History

Commonwealth of the Philippines United States
- Name: Chusan (1890–1900) Vizcaya (1900–1941)
- Owner: Dampf Schifffahrt Gesellchäft Swatow (1890–1896) Chine Sische Kustenfahr Gesellchäft (1896–1900) Mendezona & Cia (1900–1902) Compania Maritima (1902–1908) Ynchausti y Compañía (1908–1935) Manila Steamship Company (1935–1938) Madrigal Steamship Company (1938–1941)
- Builder: Blohm & Voss
- Launched: 1890
- Home port: Hamburg, Germany (1890–1900) Manila, Philippines (1900–1941)
- Fate: Scuttled, December 1941

General characteristics
- Type: freighter
- Tonnage: 1,007 GRT
- Length: 216 ft 0 in (65.84 m) registry length
- Beam: 31 ft 0 in (9.45 m)
- Draft: 12 ft 0 in (3.66 m)
- Installed power: 115 hp
- Propulsion: T3 Cy. 15',24" 39"-33"

= Vizcaya (1890 ship) =

Steam freighter

SS Vizcaya (ex-Chusan) was a steel-hulled, steam freighter that operated in the Commonwealth of the Philippines. She was scuttled at Manila in December 1941.

==History==
She was built as the SS Chusan in 1890 for the benefit of Dampf Schifffahrt Gesellchäft Swatow (Swatow Steam Shipping Company) by Blohm & Voss at their Hamburg, Germany shipyard. In 1896, she was sold to Chine Sische Kustenfahr Gesellchäft; her port of registry remained Hamburg. In 1900, she was renamed as Vizcaya after her sale to Mendezona & Cia of the Philippines; her homeport was change to Manila. In 1902, she was sold to Compania Maritima of the Philippines. In 1908, she was sold to Ynchausti y Compañía. In 1935, she was sold to the Manila Steamship Company. In 1938, she was sold to the Madrigal Steamship Company, one of 19 intracoastal steamers that plied the interior waterways of the Philippines delivering foodstuffs and lumber for the company.

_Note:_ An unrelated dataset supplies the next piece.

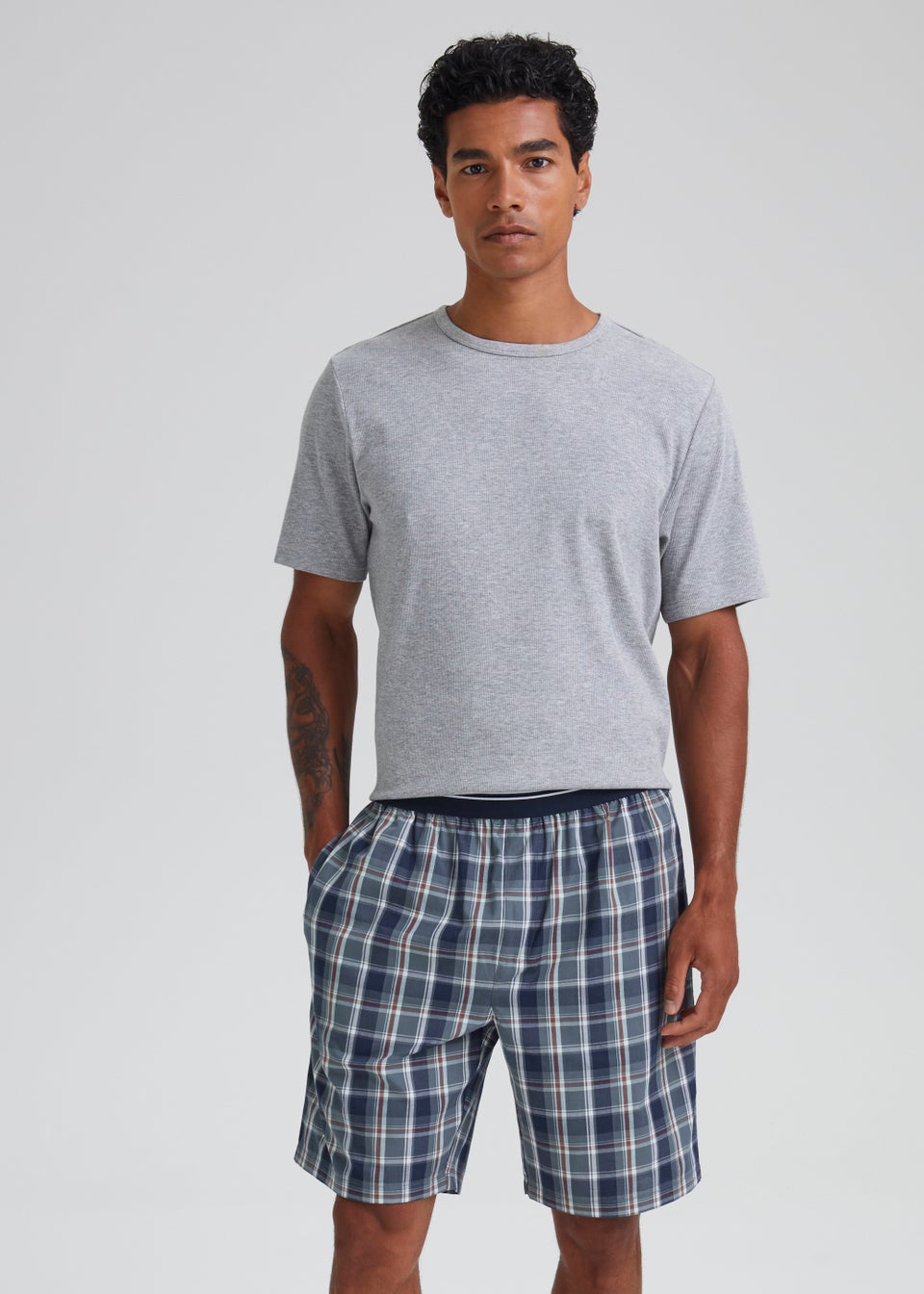 Multicoloured Check Woven Pyjama Shorts - Matalan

Immediately prior to the outbreak of hostilities with Japan, she arrived in Manila from the Visayas Islands with a contingent of soldiers and cargo and took shelter in Manila Harbor where the Asiatic Fleet was sheltered. After the Japanese seized Manila, she was scuttled and beached in the north harbor to prevent capture sometime in December 1941. The Japanese were unable to refloat her for use.